Fichtre ! Et tout ça pourquoi ? Un quiz pour nous faire passer l’attente avant Noël ou une opération de diversion face aux affreuses nouvelles qui nous viennent du monde de l’économie et des finances ? C’est à méditer, même s’il faut se garder de ne pas tomber dans le piège des théories de la conspiration. Tout ce qu’on sait, c’est que Juncker ne profite plus vraiment de la confiance de ses propres services. En admettant avoir été écouté par Marco Mille, il s’est en sorte décapité lui-même. Un chef de gouvernement qui perd le contrôle de ses services secrets, cela peut être dangereux, du moins dans d’autres parties du monde. Mais il y a plus scandaleux encore, comme le fait que la commission parlementaire ait accepté de ne pas rendre public ce scandale, à cause des élections de 2009 qui étaient très proches au moment où l’affaire Mille a eu lieu. Cette commission qui a le devoir de contrôler de manière un tout petit peu plus démocratique le SREL s’est donc tue pour ne pas faire vaciller politiquement le pays. Dans d’autres pays, tous les députés d’une telle commission auraient été confrontés à des conséquences plus graves. Sauf au Luxembourg, où cette même commission vient d’avouer à demi-mot son incompétence, en grognant les services secrets pour leur manque de coopération et le lot de semi-vérités, voire de mensonges, qu’ils distillent lors des séances.

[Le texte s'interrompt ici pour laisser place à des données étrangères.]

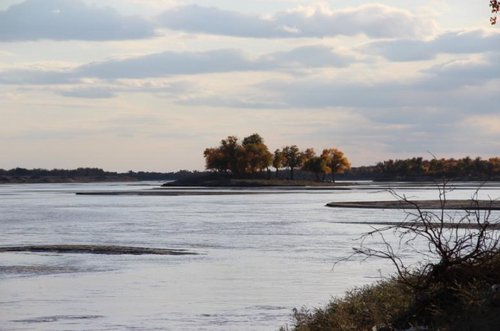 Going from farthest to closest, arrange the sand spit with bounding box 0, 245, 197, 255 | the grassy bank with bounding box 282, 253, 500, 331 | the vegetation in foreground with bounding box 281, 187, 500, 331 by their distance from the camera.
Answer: the sand spit with bounding box 0, 245, 197, 255 < the vegetation in foreground with bounding box 281, 187, 500, 331 < the grassy bank with bounding box 282, 253, 500, 331

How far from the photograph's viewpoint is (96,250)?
132 feet

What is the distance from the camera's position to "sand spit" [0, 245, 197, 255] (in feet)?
128

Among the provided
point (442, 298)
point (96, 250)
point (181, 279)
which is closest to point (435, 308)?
point (442, 298)

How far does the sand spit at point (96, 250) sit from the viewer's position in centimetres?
3894

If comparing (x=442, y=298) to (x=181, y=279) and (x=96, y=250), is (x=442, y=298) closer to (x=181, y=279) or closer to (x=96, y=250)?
(x=181, y=279)

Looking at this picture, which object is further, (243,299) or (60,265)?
(60,265)

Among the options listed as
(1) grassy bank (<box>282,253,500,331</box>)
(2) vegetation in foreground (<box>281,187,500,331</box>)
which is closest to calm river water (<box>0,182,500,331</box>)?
(1) grassy bank (<box>282,253,500,331</box>)

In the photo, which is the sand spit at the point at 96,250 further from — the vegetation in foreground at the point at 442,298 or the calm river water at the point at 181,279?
the vegetation in foreground at the point at 442,298

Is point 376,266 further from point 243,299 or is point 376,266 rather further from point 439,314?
point 439,314

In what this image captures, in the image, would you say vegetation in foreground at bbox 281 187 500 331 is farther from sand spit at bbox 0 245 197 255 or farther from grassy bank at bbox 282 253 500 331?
sand spit at bbox 0 245 197 255

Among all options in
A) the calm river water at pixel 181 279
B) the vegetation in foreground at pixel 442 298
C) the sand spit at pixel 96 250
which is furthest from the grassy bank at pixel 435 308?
the sand spit at pixel 96 250

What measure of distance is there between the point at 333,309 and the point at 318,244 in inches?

Certes, taper du poing sur la table était le bon geste dans une telle tragi-comédie. Pourtant, on peut se demander s’il n’est pas intervenu bien trop tard, maintenant que toute la classe politique et des pans entiers de la société qui s’intéressent encore au dossier « Bommeleeër » sont tellement agités qu’ils courent dans tous les sens comme des poulets fraîchement décapités. Mais le pire, c’est que le poseur de bombes n’est plus le souci principal – de toute façon, la lumière ne sera jamais faite sur cette affaire – mais c’est le fonctionnement de la démocratie luxembourgeoise qui est en cause. En d’autres mots : il serait grand temps de nettoyer le SREL et pourquoi pas de le liquider tout simplement, puisque sa principale mission se résume à obstruer le bon fonctionnement transparent du pays.